38 out of the UK’s 48 universities that made the top 400 list have dropped down in the rankings. Only 6, or 12%, have risen.
The University of Cambridge has also fallen out of the global top three for the first time since 2004, reports Aftab Ali of the Independent.
However, Cambridge, Oxford, University College London, and Imperial College London are all in the top 10. King’s College London, Edinburgh, and Manchester are in the top 30.
74% of the UK’s top-400 universities have dropped in both academic reputation and employer reputation, and 58% have dropped in international faculty members.
China, which benefits in the rankings from generous government research funding, has more universities in the top 100 than the UK for citations per faculty.
Despite this, the UK has retained its status as the world’s second-best nation for higher education, with the same numbers of top-400, top-100, and top-50 universities as last year. However, it seems that the US is stretching its lead, reports Sarah Harris of the Daily Mail, having taken all of the top three positions with the Massachusetts Institute of Technology, Stanford University, and Harvard. Asian universities are also catching up. 47% of US universities have risen through the rankings along with 68% of Asian universities.
If the focus is shifted to only London’s universities, the picture is much more positive, with more top 40 universities within its bounds than any other city in the world. London Mayor Sadiq Khan has vowed to make sure that London remains a top destination for students.
“People who come from abroad to study in London leave as ambassadors for our city, spreading the message that the capital is a fantastic place to live, work, and visit.
“I’m saying loud and clear to the world that London is open as the best place to study, do business, and innovate, and a city where all Londoners can take advantage of these opportunities.””
The performance of many other European countries has declined as well, but the UK took the worst hit.
According to Ben Sowter, head of research at QS Quacquarelli Symonds, the UK’s performance in the rankings has been negatively impacted by uncertainty for the future and long-term funding problems.
According to Sally Weale of the Guardian, he said:
“Uncertainty over research funding, immigration rules, and the ability to hire and retain top young talent from around the world seems to be damaging the reputation o the UK’s higher education sector.
The Brexit referendum actually took place after the closing of the QS surveys, but undoubtedly the debate added to the sense of uncertainty.
Sowter says that another factor is the reduced government funding for research in the UK. The chancellor’s pledge to guarantee EU-funding levels for research projects signed before the Autumn Statement is a “good step” towards tackling both factors.

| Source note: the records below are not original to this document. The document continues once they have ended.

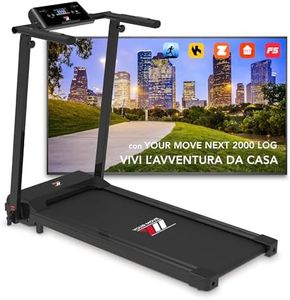 YM Tapis Roulant Elettrico Pieghevole Salvaspazio 1-12 km/m NEXT 2000 LOG, Telaio Rinforzato, Compatto, Bluetooth, APP Kinomap Zwift Bitgym, Porta Tablet, Brand Italiano, Garanzia e Assistenza ITALIA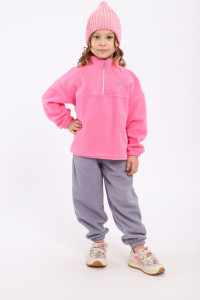 Костюм двойка детский МЛШ "Бэмби" флис (р-ры: 92-122) розовый-серый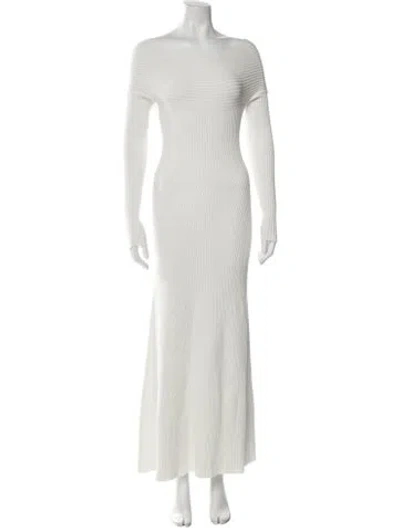 Pre-owned A.w.a.k.e. Bateau Neckline Long Dress W/ Tags In Neutral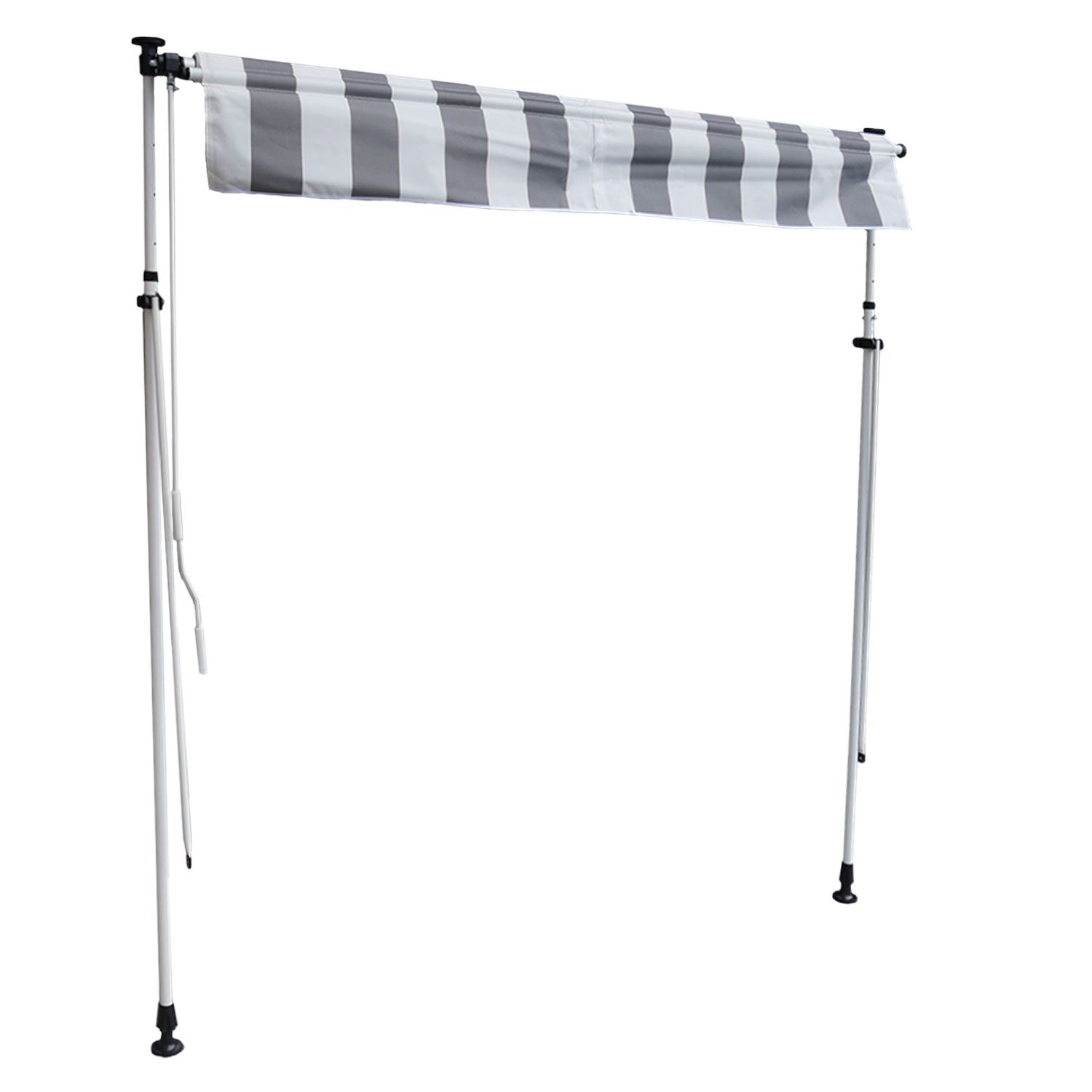 Toldo manual ajustable para balcón 3 × 1,2m CHENE Tela de rayas blanco/gris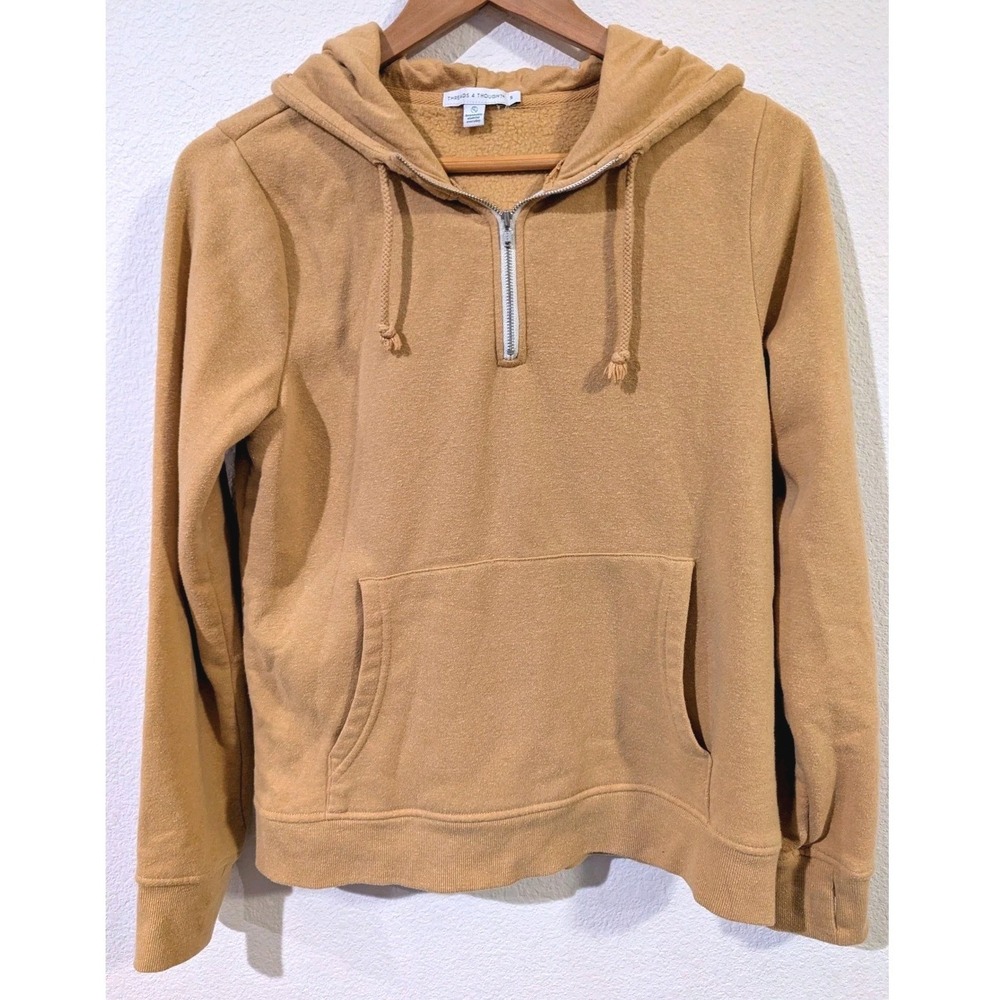 Threads 4 Thought Sinead Amberwood 1/4 Zip Hoodie Small Camel Triblend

The QS, a higher education think tank, began their World University Rankings 12 years ago. Their rankings are based on four categoires: research, teaching, employability of graduates, and internationalisation. The math includes academic reputation, employer reputation, faculty-student ratio, citations per faculty, international students, and international faculty.
The full list of QS World University Rankings for 2016-2017 is available online.